Le jugement établit que les privilèges de la BAD ne sauraient s’exercer au détriment de droits fondamentaux, en particulier ceux d’un enfant. Au-delà du fond, c’est l’attitude de la banque — et de ses dirigeants de l’époque — qui pose question. Swazi Tshabalala occupait alors des fonctions exécutives de premier plan. Son silence prolongé sur cette jurisprudence demeure un point d’interrogation pour nombre d’observateurs. Surtout que la décision de la Haute Cour de Pretoria soulève une autre question : comment Swazi Tshabalala peut-elle continuer de profiter des privilèges de la BAD, des immunités et avantages ou vouloir devenir Présidente de la BAD alors que l’Afrique du Sud n’a pas intégré la Charte de la banque ?

Une banque, une candidate, et l’ombre d’une culture d’opacité

La banque, rappelons-le, ne s’est jamais excusée ni exprimée publiquement sur le jugement de Pretoria. Et Swazi Tshabalala, interrogée à de nombreuses reprises ces dernières années sur des sujets de gouvernance interne, a souvent privilégié l’esquive diplomatique à la parole tranchée. Ce choix de stratégie, jugé prudent par ses partisans, est dénoncé par ses détracteurs comme une preuve de continuité avec une tradition de non-responsabilité. Peut-on diriger une banque de développement sans affronter de face les controverses qu’elle porte ?

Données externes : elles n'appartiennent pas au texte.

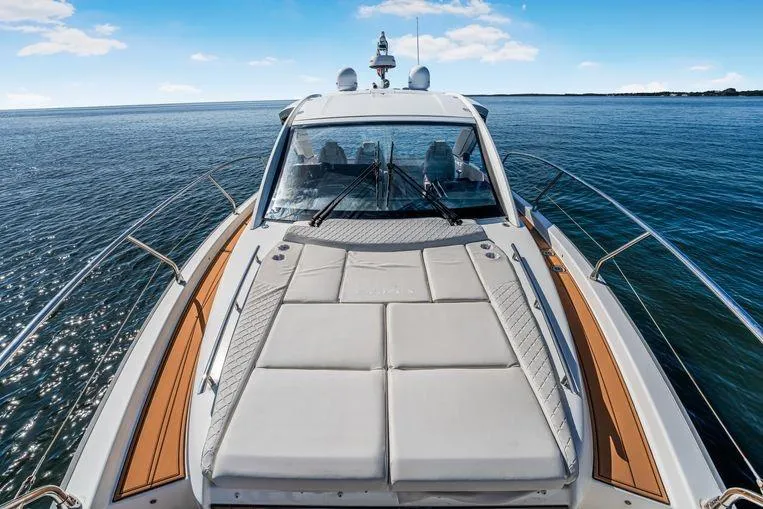 Slide: The Image of 2026 Jeanneau DB 43 yacht with spacious deck, cruising on calm blue waters. - 9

À ce stade, les critiques ne relèvent pas du procès d’intention. Elles interrogent une trajectoire. D’aucuns rappellent que Swazi Tshabalala, alors vice-présidente, était une des rares figures à pouvoir infléchir la doctrine de la BAD sur ses immunités — doctrine invalidée par une cour souveraine. Elle ne l’a pas fait. Elle ne l’a même pas commentée.

Une phrase de l’interview du 29 mars 2025 résonne à ce titre avec une ironie involontaire : « Sous ma direction, la Banque africaine de développement ne sera pas un nom sur un bâtiment. Elle sera une présence dans la vie des gens. » Encore faut-il que cette présence ne se réduise pas à une politique de vitrine.

Une élection sous tension dans un contexte géopolitique fragmenté

Le vote prévu pour mai 2025 s’annonce disputé. La banque compte 54 membres régionaux africains, mais aussi 27 membres non-régionaux, dont les États-Unis, la France, l’Allemagne, la Chine et le Japon. Or, Swazi Tshabalala, bien que soutenue officiellement par Pretoria, peine à fédérer un consensus clair parmi les pays francophones et plusieurs États d’Afrique centrale. Certains redoutent une hégémonie anglo-saxonne sur une institution historiquement façonnée par des équilibres fragiles. La candidate sud-africaine reste néanmoins favorite capitalisant sur son expérience de la gestion des crises, notamment durant la pandémie de COVID-19.

Swazi Tshabalala ne manque ni d’expertise, ni d’audace, ni de vision. Mais l’élection à la présidence de la Banque africaine de développement ne peut reposer sur le seul bilan technique. Elle engage aussi une éthique, une capacité à faire face, une disposition à reconnaître les erreurs d’hier pour construire la crédibilité de demain.